Был удобный бытовой предмет — фарфоровая кружка примерно трехсотграммовой емкости. Она хорошо «шла» в магазинах. Торговля заказывала, производство росло, механизировалось, на ряде заводов появились специальные поточные линии. И вот постепенно спрос, как и следовало ожидать, был на какое-то время удовлетворен — не каждый ведь день мы бьем эти кружки и покупаем новые. Торговля перестала заказывать. Заводам планы изменили, линии размонтировали. Сегодня фарфоровой кружки в магазинах не найдешь, в лучшем случае дорогой бокал с блюдцем, богато вручную расписанный и стоящей не копейки, а рубли.
Было сносное положение с постельным бельем. Потом оно исчезло. Стали выдавать лишь молодоженам по талонам ЗАГСА — по две простынки. Сейчас — оно вновь в любом магазине. Торговля уже начинает отказываться особенно от белья фабрик местпрома, «украшенного» малюсенькой вставочкой машинных кружев и стоящего чуть не в полтора раза дороже. Базы и склады забиты. Не надо быть прогнозистом, чтобы предсказать… вы уже поняли? Да, через два года белье, видимо, вновь попадет в дефицит.
Вот так и живем — от затоваривания к дефициту, от дефицита — к затовариванию. И заметьте, мы коснулись самых простых потребительских товаров. Что же касается более сложных…
Есть много причин так называемой «пульсирующей экономики». О них писали и пишут в газетах, обсуждают на совещаниях, а результат с точки зрения покупателя, все тот же» «Зашла в магазин, всего полно, а купить нечего». Люди уже стали даже привыкать к этой системе, считать ее чуть ли не нормальной. Выработались и соответствующие психологические стереотипы, рода «кодекс потребителя»: если появилась нужная тебе вещь, не ищи и не бегай по магазинам в начале месяца, все равно не найдешь. Дождись последних чисел, лучше конца квартала. Тогда не, может быть, «выкинут» «для плана». Не покупай какой-либо вещи, особенно технической — часов, утюга, телевизора, — если на товарном ярлыке обозначена дата выпуска — конец месяца, а тем паче — квартала. Наверняка будет брак, следствие штурмовщины и необходимости выполнить план любой ценой. Заводи себе знакомых, могущих что-либо достать. Стремись и сам в какой-либо сфере стать для них «нужняком» и строй свои взаимоотношения людьми по веками опробованному методу натурального обмена.
{…}
Если бы речь шла только о количестве планируемого, вопрос был бы не так сложен. В конце концов, чтобы избежать элементарных ошибок, с которых мы начали статью, достаточно здравого смысла и ответственности. {…} Все становится гораздо сложнее, когда дефицит уже не может служить средством исправления других ошибок — недоучета потребности, производства того, от чего покупатель отказывается в ситуации изобилия и возможности выбора.
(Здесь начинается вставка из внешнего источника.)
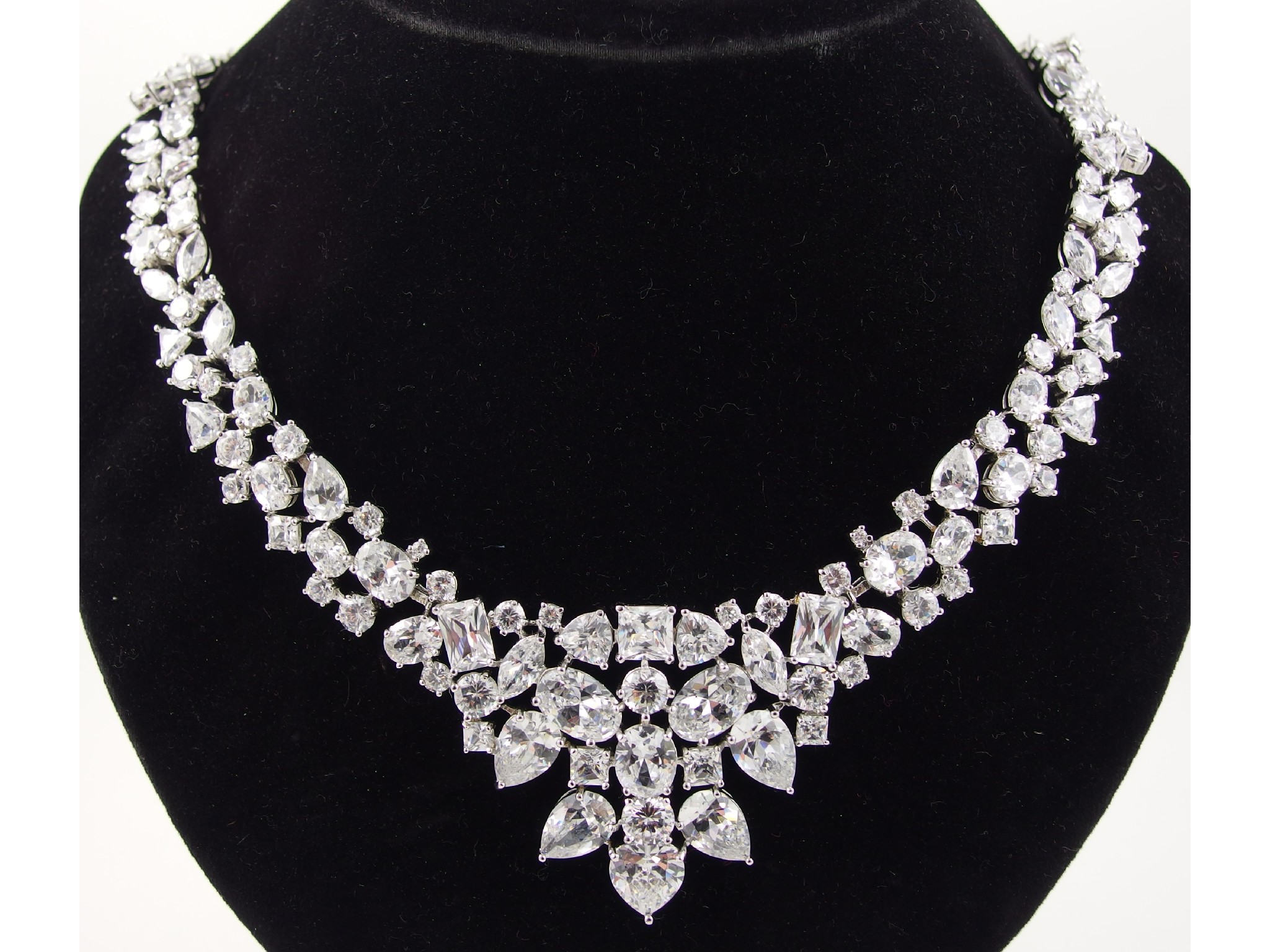 Appraisal: A silver clear gem stone set statement necklace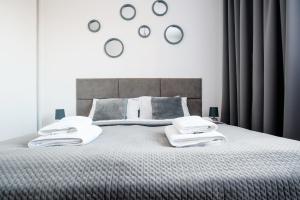 Posteľ alebo postele v izbe v ubytovaní Apartament Europejski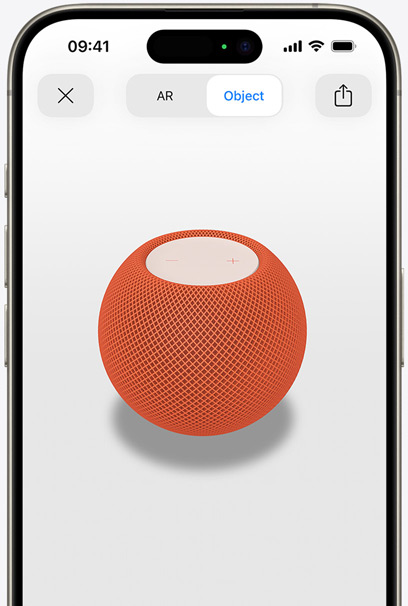 Orange HomePod on the screen of an iPhone in AR view.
Мы к такой ситуации, скажем честно, не привыкли.
Мы не можем — при всемерном поощрении инициативы и самостоятельности предприятий — делать основным хозяйственным регулятором принцип рыночной экономики. {…}
Только научное изучение вещи, этой основной субстанции второй природы, ее первичной клеточки, дает возможность разумно и целенаправленно развивать производство, совершенствовать планирование, регулировать потребление, избегать и затоваривания и дефицита и всех других явлений, поражающих «потребительскую» психологию.
Но не странно ли, мы исследуем самую маленькую букашку, до которой никому нет никакого дела; ученые спорят, пишут диссертации, патентуют открытия, а науки, изучающей именно то, что нас окружает, с чем мы ежедневно, на каждом шагу имеем дело, — науки о вещи нет. {…} И мне кажется (точнее я уверен), что дело не в отсутствии потребности — она велика — а в отсутствии современной гуманитарной науки, несмотря на все успехи и достижения, подойти к этому предмету.
[Вещеведение] должно в конечном счете должно быть способно к прогнозированию и иметь практические выходы. Одной из важнейших его задач является изучение процессов проектирования и производства вещей выработка общих принципов их оптимизации— причем не с позиций производства или технологии материала, а с позиций потребностей человека, которые определяют и функции вещей, и их форму, качество. Для человека ведь в конечном счете важны не технология производства изделия, не материал, из которого оно сделано, а прежде всего органолептические качества: чтобы рубашку было удобно носить, чтобы легко дышалось телу, чтобы она не «садилась», не выцветала, не мялась, шла «к лицу», короче, чтобы ее «хотелось носить», то есть чтобы она соответствовала реальному человеческому самоощущению и представлению о себе и о мире. Вещеведение должно уметь в конечном счете давать рекомендации для выпуска изделий не по отраслям производства, а по «человеческому» и художественному образу. Это— принципиально иной и чисто гуманитарный подход к проблеме.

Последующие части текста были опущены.